> How to complete this task: What you give must be the lines from the one containing "DIEGO DALLA PALMA" through the last line of the listing below, exactly, with nothing else and no pictures.

> Provided entries:

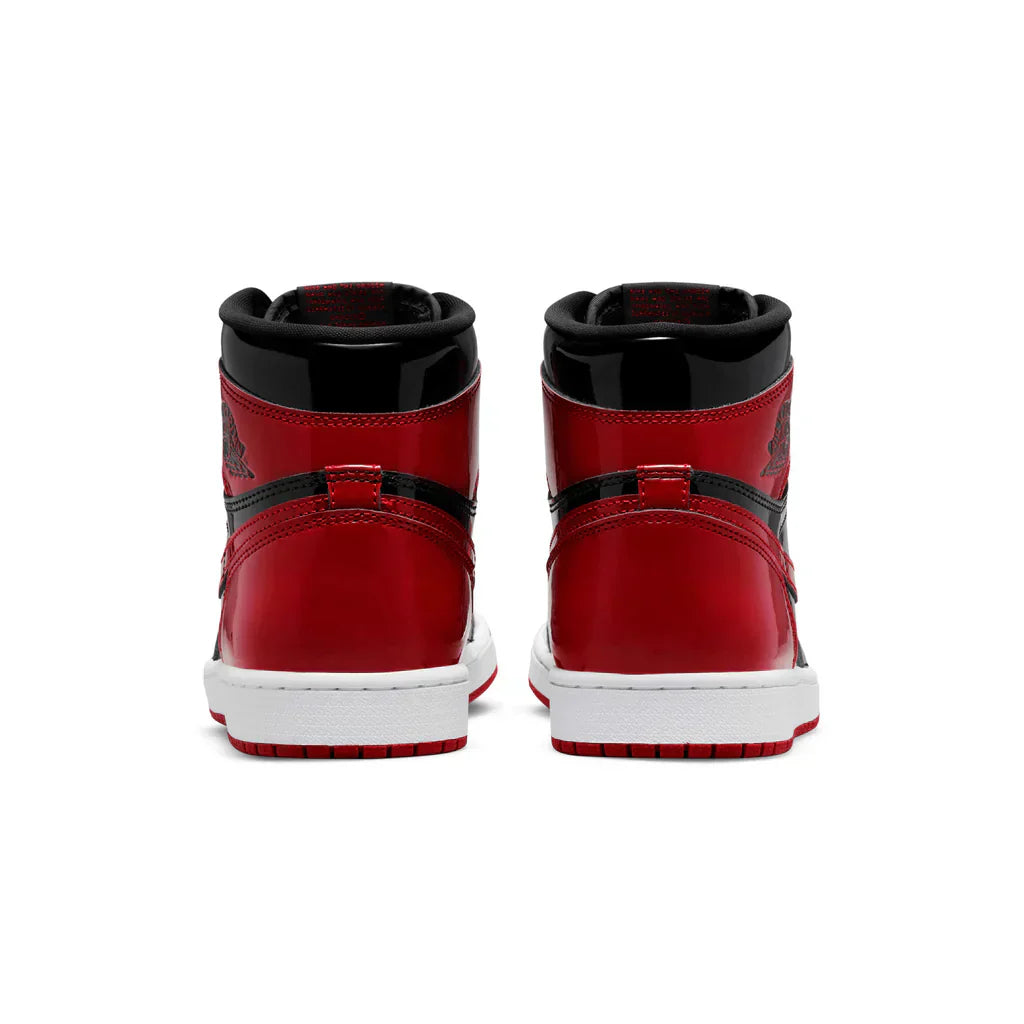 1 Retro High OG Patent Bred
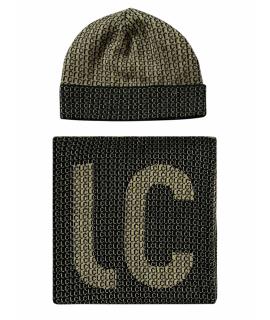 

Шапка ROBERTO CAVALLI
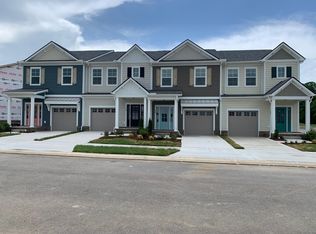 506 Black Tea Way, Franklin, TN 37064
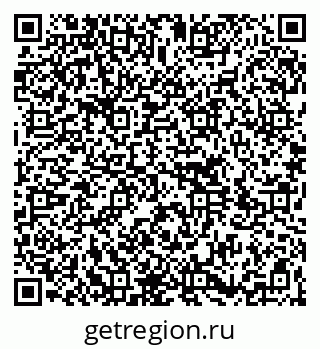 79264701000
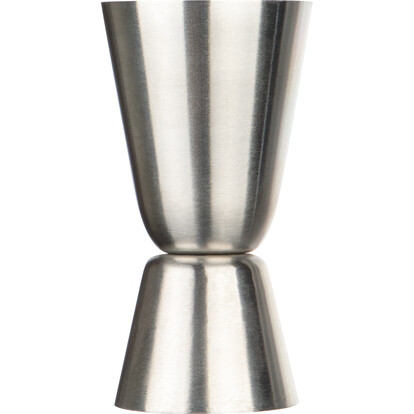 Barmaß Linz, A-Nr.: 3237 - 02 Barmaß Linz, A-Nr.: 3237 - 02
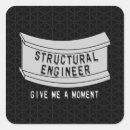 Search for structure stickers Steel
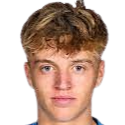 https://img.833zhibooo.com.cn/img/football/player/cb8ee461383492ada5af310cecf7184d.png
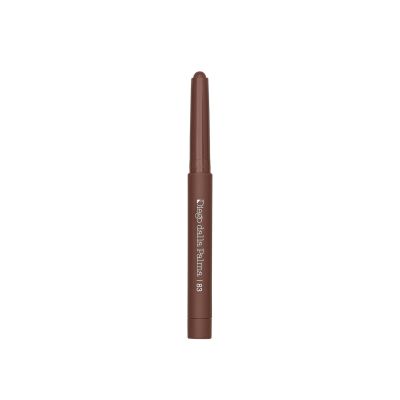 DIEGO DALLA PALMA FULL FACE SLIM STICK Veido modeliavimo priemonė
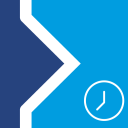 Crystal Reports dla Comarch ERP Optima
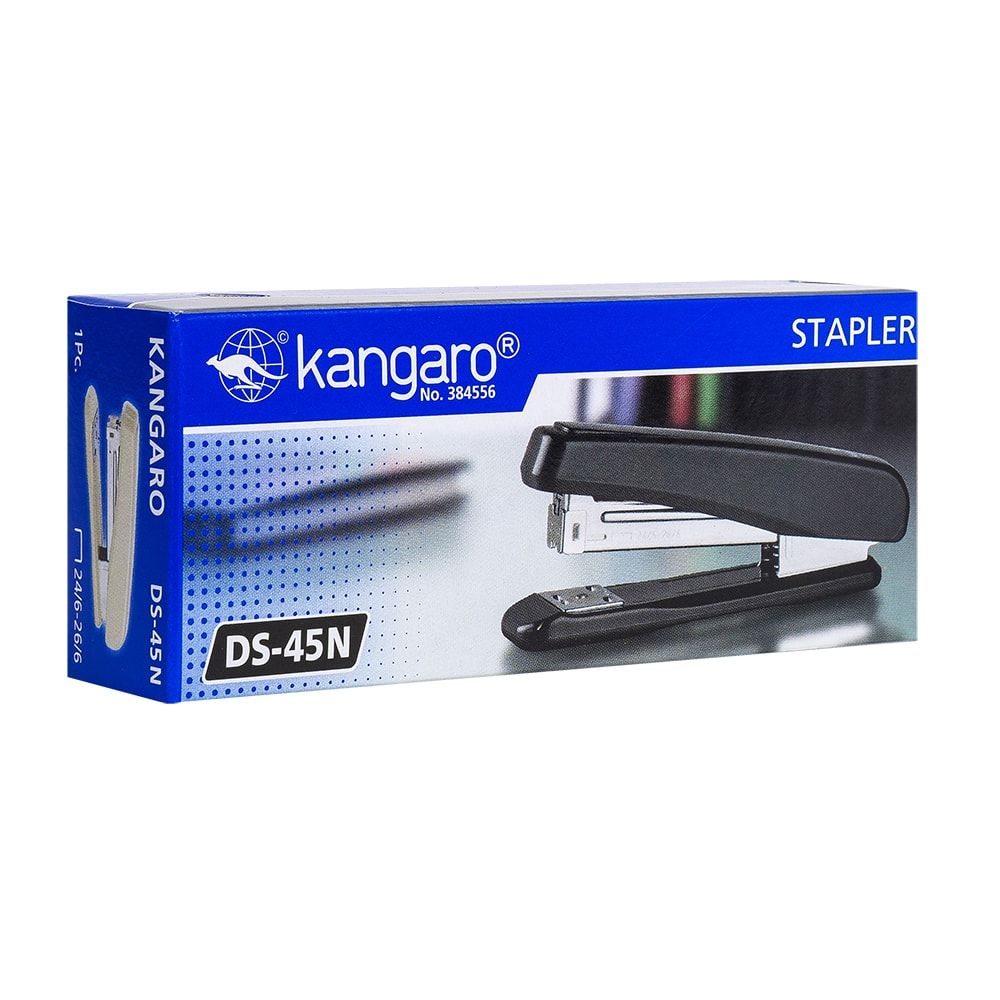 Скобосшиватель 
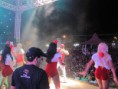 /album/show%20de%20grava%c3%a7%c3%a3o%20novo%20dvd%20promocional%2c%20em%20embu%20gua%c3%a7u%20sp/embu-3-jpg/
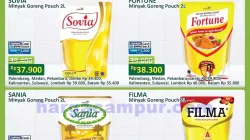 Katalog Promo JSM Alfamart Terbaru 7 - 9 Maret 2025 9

> Finished task:
 DIEGO DALLA PALMA FULL FACE SLIM STICK Veido modeliavimo priemonė
 Crystal Reports dla Comarch ERP Optima
 Скобосшиватель 
 /album/show%20de%20grava%c3%a7%c3%a3o%20novo%20dvd%20promocional%2c%20em%20embu%20gua%c3%a7u%20sp/embu-3-jpg/
 Katalog Promo JSM Alfamart Terbaru 7 - 9 Maret 2025 9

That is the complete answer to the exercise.